If Bachelor Chow were a real thing, there wouldn’t be any of that embarrassment at checkout, because Bachelor Chow doesn’t try to hide what it really is. “Why yes, I am buying Bachelor Chow. Well, since you ask, I’m buying it because I’m a bachelor and I want something cheap and plentiful that I can use to stave off hunger a couple times a day without having to take time out of my busy schedule to turn on the stove.”

When I was growing up I never would have imagined that I would one day have this attitude. As a child, eating was a really exciting experience because my mother was and is the best cook in the world, which meant that every meal was some new and exotic culinary adventure – or it was just burritos, but that was okay with me too because burritos are awesome. 

Now that I have to plan and prepare my own meals, eating is pretty much just a chore. I don’t have enough foresight and maturity to give any thought to what I might want to eat until I’m actually hungry, at which point I briefly survey my food supplies, choose the meal that I can prepare the fastest, and eat it in my room in front of my computer.

There are usually three things on the menu at my apartment:

Sometimes I cook up some Ralph’s brand macaroni* with Paul Newman red sauce (and a generous squirt of Sriracha). This is tasty, but it’s my least preferred option because, since I was raised by a pair of insurance professionals, I am physically incapable of leaving the kitchen while the stove is on. For that reason, cooking pasta means I have to spend 15 to 20 minutes of my long, rambling, unstructured day standing in the kitchen making sure the apartment doesn’t burn down, which is more responsibility than I want to have. 

*When buying dry pasta I only buy either macaroni or penne, purely because bite sized pasta is less work to eat. The More You Know!

More often I make some white rice with steamed frozen vegetables, which I eat with soy sauce (and a generous squirt of Sriracha). The main advantage to this meal is that once I get everything set up in my rice cooker I just hit ‘cook’ and walk the hell away until dinner is ready half an hour later. The downside is that I eat this meal so often that I get pretty sick of it. Usually that doesn’t stop me from making it, because I’d rather eat the same meal for a fifth time in the row than spend 20 minutes making pasta.

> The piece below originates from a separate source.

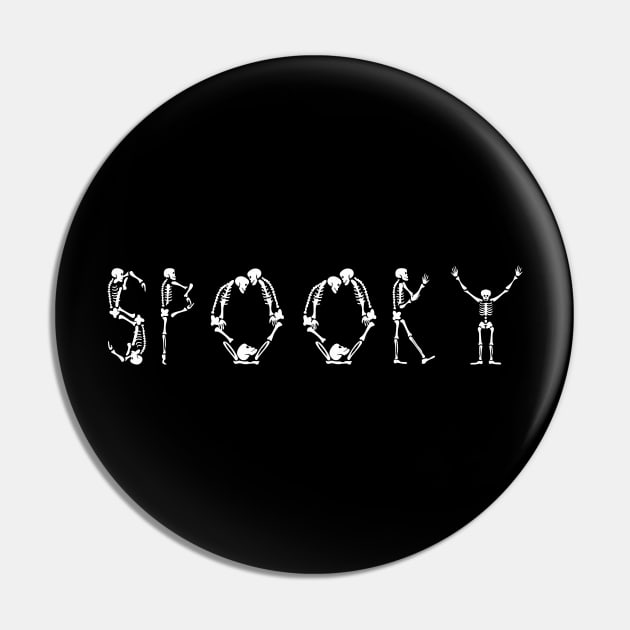 Spooky Pin by ARTWORKandBEYOND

Most of the time I wind up eating three pieces of whole wheat bread with peanut butter spread on them. I was writing a script on a deadline earlier this year, and for those three months I’d say this was pretty much the only meal I ate, because I could prepare it lightning quick and always count on it to keep me filled up.  

To be fair, calling it a “meal” is a little bit of an overstatement – it’s really just a ritual I perform when I want to stop being hungry for a few hours. I’ve eaten so many pieces of Orowheat with Jif on them that I can’t even taste it anymore. Honestly, it doesn’t even count as “eating” – it’s just desperate, grudging, consumption to keep starvation at bay.

I really do love food, and believe it or not I also enjoy cooking. But when I was growing up, food and cooking were always social activities – for a long time I did my homework at the kitchen table while my Mom cooked, and we ate dinner together as a family every night. (Occasionally we’d watch TV during dinner, but only for special occasions, like when Ken Jennings was on Jeopardy!)

For me, the people you’re eating with are as important to the meal as the food itself. Right now, I’m at a place in my life where I eat most of my meals alone, so I don’t really see the point in pulling out all the stops to prepare an extravagant meal when I’m going to be the only one enjoying it. Why spend an hour making a casserole for one when I’d be just as happy stuffing my face with peanut butter or pasta or steamed broccoli in half the time? 

If only Bachelor Chow existed, I wouldn't even have to choose between peanut butter, pasta, or steamed broccoli. A man can dream, can't he? 

Truman Capps has already had several people tell him to get a crockpot.